# New Baby



## Stephanie (Mar 25, 2007)

So i went to the pet store today to pick up some food for ym boys and there he was! the most adorable little black berkshire boy i have ever seen! He is only about 6 weeks old and sooo tiny and he was so sweet i had to bring him home he is still very camera shy so i can't post any pics but as soon as he warms up i will post them imediatly but in the mean time this boy needs a name i have narrowed it down and please cast your vote!


----------



## Dimitrius (Mar 19, 2007)

I'm very partial to 2 syllable pet names.
I voted Bailey.


----------



## JennieLove (Jan 2, 2007)

I think calling a rat Noodle would be so funny!
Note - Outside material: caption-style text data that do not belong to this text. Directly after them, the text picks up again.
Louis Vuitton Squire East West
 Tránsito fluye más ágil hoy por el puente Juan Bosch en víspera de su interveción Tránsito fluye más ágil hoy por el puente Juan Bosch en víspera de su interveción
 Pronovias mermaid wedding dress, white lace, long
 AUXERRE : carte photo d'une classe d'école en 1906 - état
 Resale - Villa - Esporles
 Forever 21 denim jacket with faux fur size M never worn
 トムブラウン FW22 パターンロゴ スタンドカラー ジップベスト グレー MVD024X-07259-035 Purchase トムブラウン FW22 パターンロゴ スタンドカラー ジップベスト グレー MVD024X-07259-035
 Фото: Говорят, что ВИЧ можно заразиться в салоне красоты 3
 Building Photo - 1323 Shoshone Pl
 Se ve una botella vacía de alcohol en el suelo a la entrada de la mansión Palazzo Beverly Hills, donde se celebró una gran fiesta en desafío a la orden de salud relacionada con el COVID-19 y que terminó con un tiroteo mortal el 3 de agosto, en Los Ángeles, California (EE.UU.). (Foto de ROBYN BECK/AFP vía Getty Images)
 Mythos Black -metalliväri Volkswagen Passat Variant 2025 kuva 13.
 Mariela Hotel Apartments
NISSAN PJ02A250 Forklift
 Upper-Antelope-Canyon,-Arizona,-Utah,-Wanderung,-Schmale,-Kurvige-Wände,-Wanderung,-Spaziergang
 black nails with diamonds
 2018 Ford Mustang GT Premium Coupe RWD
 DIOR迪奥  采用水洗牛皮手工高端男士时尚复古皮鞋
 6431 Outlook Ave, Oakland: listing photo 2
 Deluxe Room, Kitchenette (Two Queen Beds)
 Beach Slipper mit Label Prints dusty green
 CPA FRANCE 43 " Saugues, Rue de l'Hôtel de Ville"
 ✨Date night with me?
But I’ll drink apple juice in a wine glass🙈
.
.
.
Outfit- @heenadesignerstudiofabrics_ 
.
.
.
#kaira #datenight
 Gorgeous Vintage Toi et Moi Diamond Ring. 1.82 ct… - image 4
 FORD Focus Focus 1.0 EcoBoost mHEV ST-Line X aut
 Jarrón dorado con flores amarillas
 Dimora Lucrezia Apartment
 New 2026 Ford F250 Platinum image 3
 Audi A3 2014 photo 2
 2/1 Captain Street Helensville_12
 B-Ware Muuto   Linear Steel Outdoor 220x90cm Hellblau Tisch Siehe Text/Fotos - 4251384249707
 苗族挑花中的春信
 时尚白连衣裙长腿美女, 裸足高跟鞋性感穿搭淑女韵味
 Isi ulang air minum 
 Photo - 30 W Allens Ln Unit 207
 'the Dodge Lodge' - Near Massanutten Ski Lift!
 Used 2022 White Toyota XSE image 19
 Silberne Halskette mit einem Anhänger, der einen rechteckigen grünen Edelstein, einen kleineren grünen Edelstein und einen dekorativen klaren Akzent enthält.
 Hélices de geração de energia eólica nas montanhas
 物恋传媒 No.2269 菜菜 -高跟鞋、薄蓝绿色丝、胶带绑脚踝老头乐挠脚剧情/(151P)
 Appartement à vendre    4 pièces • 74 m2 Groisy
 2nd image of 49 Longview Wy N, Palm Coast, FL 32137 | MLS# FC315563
LMAO


----------



## Stephanie (Mar 25, 2007)

I have such weird names for my rats LoL he looks just like my first rat tweakers LoL he is sitting on my shoulder right now clicking away he is sooo happy he was going to be food and he was the only male they had (would have gotten a girl but that would have driven my other six nuts)


----------



## JennieLove (Jan 2, 2007)

Haha, Tweakers!  I had a Beavis and Butthead and now I have a Jay and Silent Bob.


----------



## Stephanie (Mar 25, 2007)

I have had tweakers, sam, jackson, butters, scooter, meester sneefles, gir, riff raff, pugsley, fizzgig, little man, steve, frick, frack, and now i think this new one is going to be sebastian


----------



## radical (Jan 15, 2007)

sebastian is a good name 

congrats on finding the new baby!


----------



## Stephanie (Mar 25, 2007)

i just couldn't leave him there in a itty bitty aquarium on pine bedding he has already given me good cleanings and i have had lots of bruxing and boggling


----------



## Nazarath (Feb 20, 2007)

I like Sabastian , i like how it's not a very everyday name , all of them seem to not be everyday but Sabastian stood out to me.


----------



## Stephanie (Mar 25, 2007)

My hubby came up with Sebastian LoL and it just suited him sooo well i will have to get a picture up soon he is sooo tiny LoL


----------



## Stephanie (Mar 25, 2007)

So i just got a picture of him i need to get some professional ones done of all my rats but this will work for now LoL


----------



## Stephanie (Mar 25, 2007)

So i just got a picture of him i need to get some professional ones done of all my rats but this will work for now LoL


----------



## Stephanie (Mar 25, 2007)

ack it posted twice sorry about that LoL


----------



## DonnaK (Feb 8, 2007)

Sooooo cute!


----------



## Night (Feb 23, 2007)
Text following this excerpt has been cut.